Question: About how many of the people that come for a regular eye exam, not knowing they have dry eye, you find actually have dry eye?
Dr. Miranda: I would say about 20% of patients who come for our routine eye exams, we find they have dry eye.
Question: Can I lose my sight from Dry Eye?
Dr. Miranda: It's possible to lose your best vision because of it. For instance, the purpose of the tears is to coat the cornea, and the nerves in the cornea. The cornea has more nerves per square area than anywhere else in the body, making it the most sensitive part of your body.
If the tears dry up and evaporate, then the nerves are exposed. The cornea becomes inflamed and desiccated. That inflammation, called Keratitis, disturbs your vision and definitely can reduce your best-corrected vision. It doesn't mean it cannot be corrected, but it does threaten your vision and makes your vision sub-optimal.
A lot of people don't realize that the tear film plays a significant role in the refraction of your vision. Therefore, without stable tear film often you won't have stable vision.
Question: Who is most likely to get dry eye?
Dr. Miranda: More females are affected by dry eye. Also, seniors because as people age they don't produce as many tears. People who work on the computer or on electronic devices for long periods of time also have a higher chance, because they will naturally blink less, or will be partial blinkers. The blink reflex is to distribute the tears evenly across the corneal surface.
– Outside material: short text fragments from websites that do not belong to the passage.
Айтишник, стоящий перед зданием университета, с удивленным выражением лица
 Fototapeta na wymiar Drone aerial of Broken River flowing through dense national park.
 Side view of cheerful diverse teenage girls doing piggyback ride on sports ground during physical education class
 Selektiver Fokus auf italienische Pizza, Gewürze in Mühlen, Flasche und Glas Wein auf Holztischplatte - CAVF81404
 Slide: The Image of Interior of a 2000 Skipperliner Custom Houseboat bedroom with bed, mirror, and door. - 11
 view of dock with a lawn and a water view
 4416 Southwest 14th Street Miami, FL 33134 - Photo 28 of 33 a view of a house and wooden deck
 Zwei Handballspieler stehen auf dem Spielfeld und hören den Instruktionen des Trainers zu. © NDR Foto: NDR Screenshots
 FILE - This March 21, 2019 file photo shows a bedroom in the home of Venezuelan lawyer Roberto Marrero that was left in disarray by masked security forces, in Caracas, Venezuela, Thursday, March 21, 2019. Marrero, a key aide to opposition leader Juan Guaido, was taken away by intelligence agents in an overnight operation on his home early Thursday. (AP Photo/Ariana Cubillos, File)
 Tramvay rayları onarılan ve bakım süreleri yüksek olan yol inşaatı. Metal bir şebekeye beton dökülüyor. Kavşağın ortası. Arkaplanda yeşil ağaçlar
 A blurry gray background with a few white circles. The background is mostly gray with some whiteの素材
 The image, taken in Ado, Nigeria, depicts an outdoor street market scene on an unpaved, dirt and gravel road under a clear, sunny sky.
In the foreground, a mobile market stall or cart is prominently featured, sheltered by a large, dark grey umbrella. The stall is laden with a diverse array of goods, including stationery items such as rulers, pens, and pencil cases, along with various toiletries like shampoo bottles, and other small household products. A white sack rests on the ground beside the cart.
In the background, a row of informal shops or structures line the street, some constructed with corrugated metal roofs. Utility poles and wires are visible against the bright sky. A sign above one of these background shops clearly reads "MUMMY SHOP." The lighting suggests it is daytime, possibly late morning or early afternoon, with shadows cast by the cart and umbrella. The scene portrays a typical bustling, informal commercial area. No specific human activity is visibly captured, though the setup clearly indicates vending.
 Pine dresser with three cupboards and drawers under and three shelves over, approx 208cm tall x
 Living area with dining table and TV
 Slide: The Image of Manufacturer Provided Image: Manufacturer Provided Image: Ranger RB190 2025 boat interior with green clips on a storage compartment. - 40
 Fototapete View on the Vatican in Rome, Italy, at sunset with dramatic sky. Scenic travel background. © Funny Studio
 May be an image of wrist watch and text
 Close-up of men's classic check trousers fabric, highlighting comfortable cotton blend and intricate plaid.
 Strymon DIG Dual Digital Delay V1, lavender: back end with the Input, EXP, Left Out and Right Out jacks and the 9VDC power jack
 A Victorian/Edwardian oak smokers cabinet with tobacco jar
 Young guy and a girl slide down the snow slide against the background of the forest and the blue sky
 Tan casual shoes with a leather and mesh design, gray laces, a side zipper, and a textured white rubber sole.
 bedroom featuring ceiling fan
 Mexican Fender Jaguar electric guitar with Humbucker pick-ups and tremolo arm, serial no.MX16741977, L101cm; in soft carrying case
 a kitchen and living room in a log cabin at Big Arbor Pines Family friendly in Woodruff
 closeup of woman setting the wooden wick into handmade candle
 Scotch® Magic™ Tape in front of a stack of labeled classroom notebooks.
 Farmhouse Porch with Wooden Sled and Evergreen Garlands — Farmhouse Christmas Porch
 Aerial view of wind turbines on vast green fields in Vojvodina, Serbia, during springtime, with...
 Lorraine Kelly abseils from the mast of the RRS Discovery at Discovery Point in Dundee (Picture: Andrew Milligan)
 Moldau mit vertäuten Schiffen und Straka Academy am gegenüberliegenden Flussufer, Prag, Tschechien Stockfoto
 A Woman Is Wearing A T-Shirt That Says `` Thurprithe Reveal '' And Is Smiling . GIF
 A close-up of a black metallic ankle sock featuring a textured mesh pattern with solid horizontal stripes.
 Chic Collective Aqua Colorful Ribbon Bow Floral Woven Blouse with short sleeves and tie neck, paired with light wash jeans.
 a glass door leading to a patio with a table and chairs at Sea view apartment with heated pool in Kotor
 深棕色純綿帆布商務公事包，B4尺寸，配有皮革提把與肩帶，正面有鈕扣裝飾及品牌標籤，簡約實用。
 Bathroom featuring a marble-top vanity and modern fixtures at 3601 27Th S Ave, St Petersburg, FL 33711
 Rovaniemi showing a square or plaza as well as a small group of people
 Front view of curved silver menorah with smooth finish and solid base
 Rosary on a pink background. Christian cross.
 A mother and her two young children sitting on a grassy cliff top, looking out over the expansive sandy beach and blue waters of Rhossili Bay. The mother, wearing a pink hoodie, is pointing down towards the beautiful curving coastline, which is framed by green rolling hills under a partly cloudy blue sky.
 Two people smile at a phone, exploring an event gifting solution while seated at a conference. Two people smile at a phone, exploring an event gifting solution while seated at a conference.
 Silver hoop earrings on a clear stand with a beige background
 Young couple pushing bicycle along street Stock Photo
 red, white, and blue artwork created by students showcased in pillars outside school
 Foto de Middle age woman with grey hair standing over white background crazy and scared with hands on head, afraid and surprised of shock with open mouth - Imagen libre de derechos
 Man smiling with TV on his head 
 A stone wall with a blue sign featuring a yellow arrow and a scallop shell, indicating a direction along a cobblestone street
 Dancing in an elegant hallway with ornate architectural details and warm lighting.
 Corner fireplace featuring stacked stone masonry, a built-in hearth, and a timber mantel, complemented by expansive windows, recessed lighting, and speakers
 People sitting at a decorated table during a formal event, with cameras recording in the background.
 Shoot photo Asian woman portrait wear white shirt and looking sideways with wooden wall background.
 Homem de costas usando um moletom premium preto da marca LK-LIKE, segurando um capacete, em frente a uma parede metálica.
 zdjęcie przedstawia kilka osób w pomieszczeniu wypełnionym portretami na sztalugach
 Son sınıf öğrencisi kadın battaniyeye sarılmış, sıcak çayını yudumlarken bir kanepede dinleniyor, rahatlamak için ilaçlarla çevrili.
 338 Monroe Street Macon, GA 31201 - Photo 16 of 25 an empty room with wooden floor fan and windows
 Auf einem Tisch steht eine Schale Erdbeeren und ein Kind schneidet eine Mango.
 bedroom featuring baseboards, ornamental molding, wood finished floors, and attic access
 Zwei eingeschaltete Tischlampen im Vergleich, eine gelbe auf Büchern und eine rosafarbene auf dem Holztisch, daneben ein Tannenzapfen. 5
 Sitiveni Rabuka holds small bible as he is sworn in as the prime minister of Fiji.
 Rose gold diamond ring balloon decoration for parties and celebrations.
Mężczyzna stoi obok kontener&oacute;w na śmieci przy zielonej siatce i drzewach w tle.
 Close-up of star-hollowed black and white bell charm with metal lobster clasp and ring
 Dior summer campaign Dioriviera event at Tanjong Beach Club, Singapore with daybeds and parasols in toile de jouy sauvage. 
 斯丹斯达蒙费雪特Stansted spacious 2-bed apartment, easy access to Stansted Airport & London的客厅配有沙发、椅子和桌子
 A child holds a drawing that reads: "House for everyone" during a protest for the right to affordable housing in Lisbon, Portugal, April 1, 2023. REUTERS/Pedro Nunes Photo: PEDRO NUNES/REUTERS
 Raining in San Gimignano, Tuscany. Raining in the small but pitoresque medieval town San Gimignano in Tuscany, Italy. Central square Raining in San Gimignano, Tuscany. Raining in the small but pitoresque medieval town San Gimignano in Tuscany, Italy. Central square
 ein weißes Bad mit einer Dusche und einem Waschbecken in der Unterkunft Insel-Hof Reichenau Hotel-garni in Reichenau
Therefore, if you are concentrating on reading, or looking at digital devices, you blink a lot less. We are supposed to blink 14,000 times a day, and these folks might blink 1/3 of the amount. This can cause issues with the glands, which produce the lipid part of the tears (the oily part of the tear) because you are not blinking fully. We are also seeing dry eye in younger people now, and I believe it's because they are staring at these digital devices more than ever.
Question: Will wearing blue light protection glasses while on digital devices prevent me from getting dry eye from them?
Dr. Miranda: This is two different things. The blue light glasses protect from the blue light radiating from the devices LED screens. That's more of a future of your vision protection rather than a counter to dry eye. It won't remind you to blink. Two different issues. When we need to focus, we naturally blink less.